Nath, who was here to attend the US-India Business Council's 32nd anniversary Global India summit, had a brief exchange with Secretary of State Condoleezza Rice besides bilateral meetings with Commerce Secretary Carlos Gutierrez, Treasury Secretary Henry M. Paulson Jr., Agriculture Secretary Mike Johanns and US Trade Representative Susan Schwab.

India and the USA, he said, enjoy healthy relations with a total trade volume of almost 30 billion dollars in the last fiscal. US currently accounts for 16.8 percent of Indian exports and 6.3 percent of its imports. India now would like to add more content to a larger trade basket.

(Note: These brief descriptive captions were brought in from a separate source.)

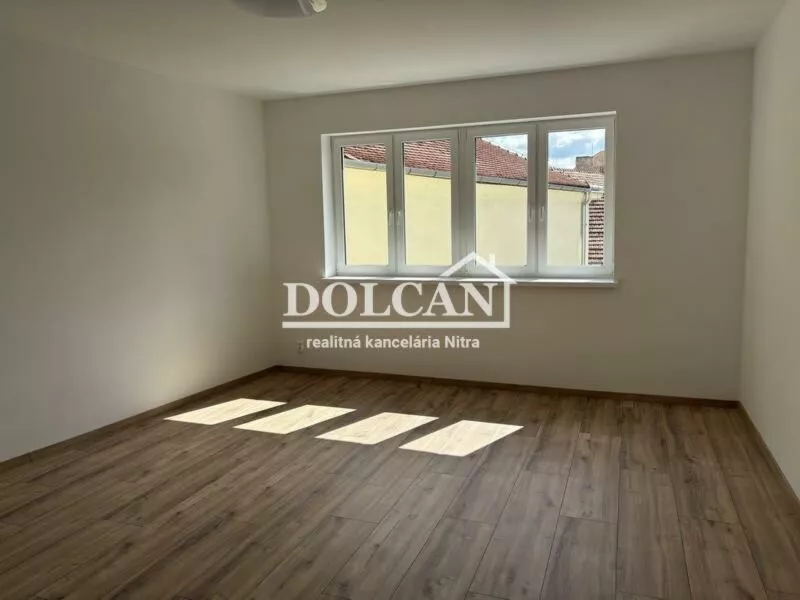 2 izbový byt na prenájom 66m2, Pri synagóge, Nitra, 183230_4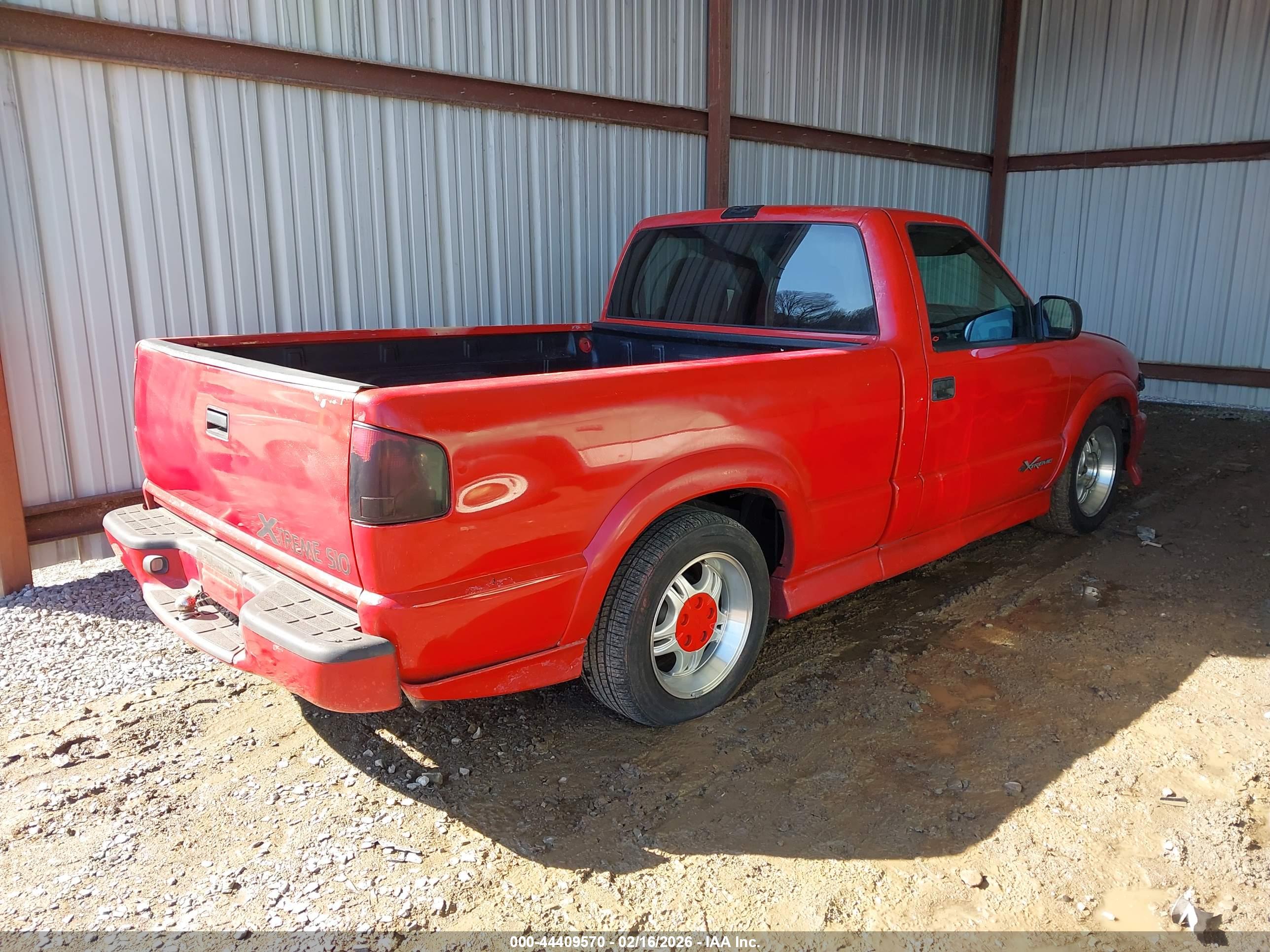 CHEVROLET S-10 image 4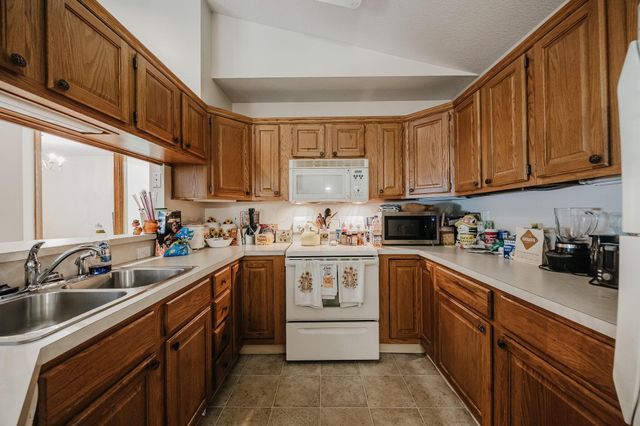 4100 Castel Drive, Groveport, OH 43125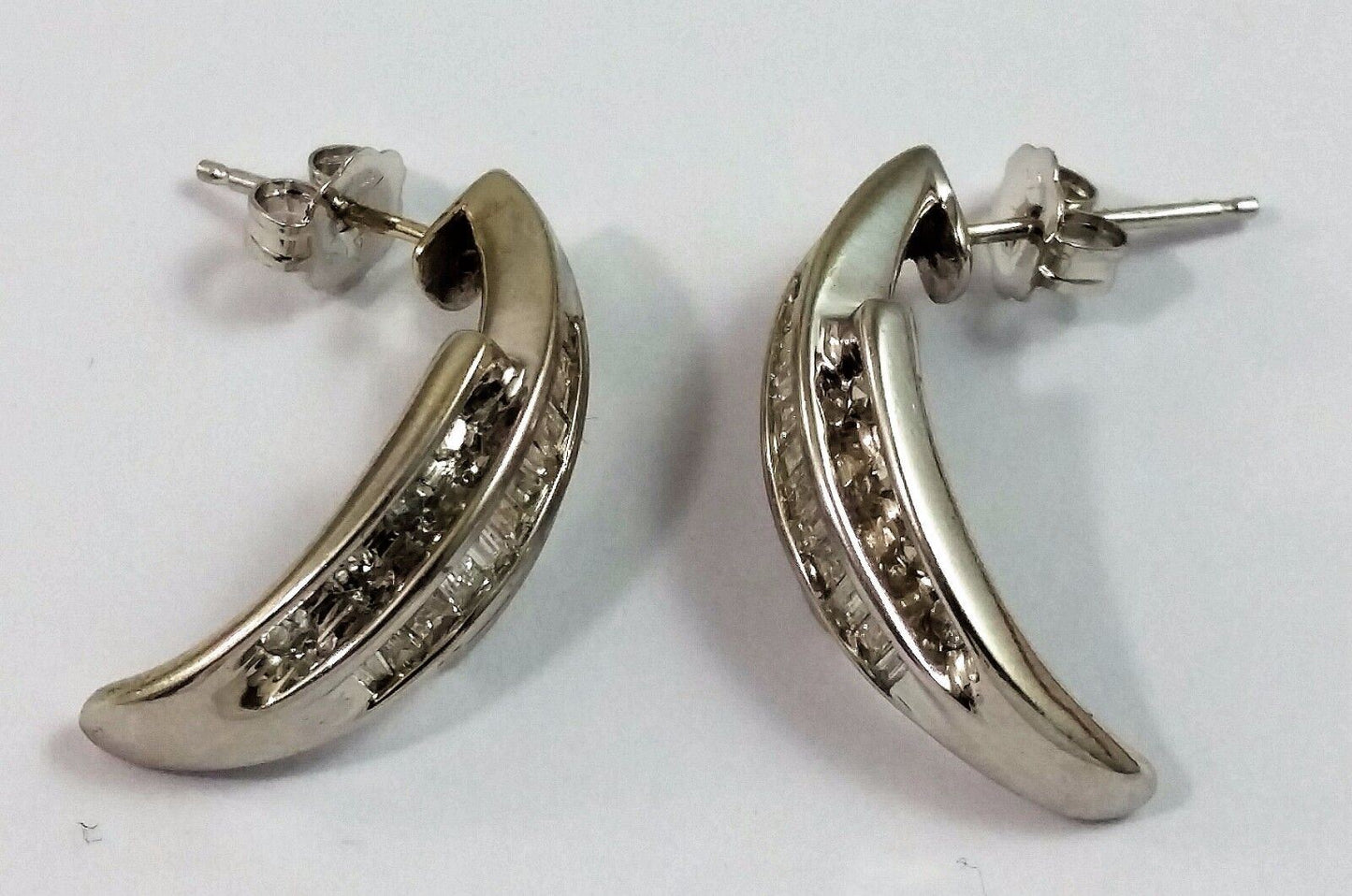 10K White Gold Hanging Stud Dangle Earrings with Diamonds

Nath reiterated India's commitment to take the Doha round of World Trade talks forward as New Delhi wants to see a strong multilateral system in place as a powerful instrument of delivering international prosperity.

"We, like the United States, do not want to see the multilateral system fractured by the failure of the Doha talks, and our inability to engage with each other candidly and fruitfully," he said, seeking mutual respect for each other's sensitivities.

Denying that the failure of the Group of Four trade ministers to reach agreement at Potsdam had caused tension between the two, Nath said it was not a question of only India, Brazil or the European Union agreeing. "You have to take on board a large number of countries."

Discussions would now take place at the ambassadorial level with officials trying to converge on the text, he said hoping the momentum will continue.

With no industrial tariffs, India can be flexible, but such flexibilities are contingent upon other things such as Non-Agricultural Market Access (NAMA), Nath said seeking effective cuts in trade distortions.

Distortions are caused by subsidies, Nath said offering to take 10 percent more cut than what the developed countries were willing to take. But US in the name of a little headroom wanted them to take double the cuts.

India, he said, is seeking a more balanced, a more just and a more development-oriented outcome in the WTO; an outcome that does not perpetuate the structural flaws in global trade, but redresses them. The future of international trade lies not in tariff-reduction (which is going to happen in any case) but in meaningful reform of the rules, Nath said.

India is seeking a balanced package on services trade as well as one cannot afford to restrict to merchandise trade in today's globalised world. New Delhi has thus unilaterally taken steps beyond its Uruguay Round commitments to open its own services markets.

Asked about India-US civil nuclear deal, the minister said, "We would like to see it go through." Both sides were committed to it, Nath said recalling Rice's comments at the USIBC summit.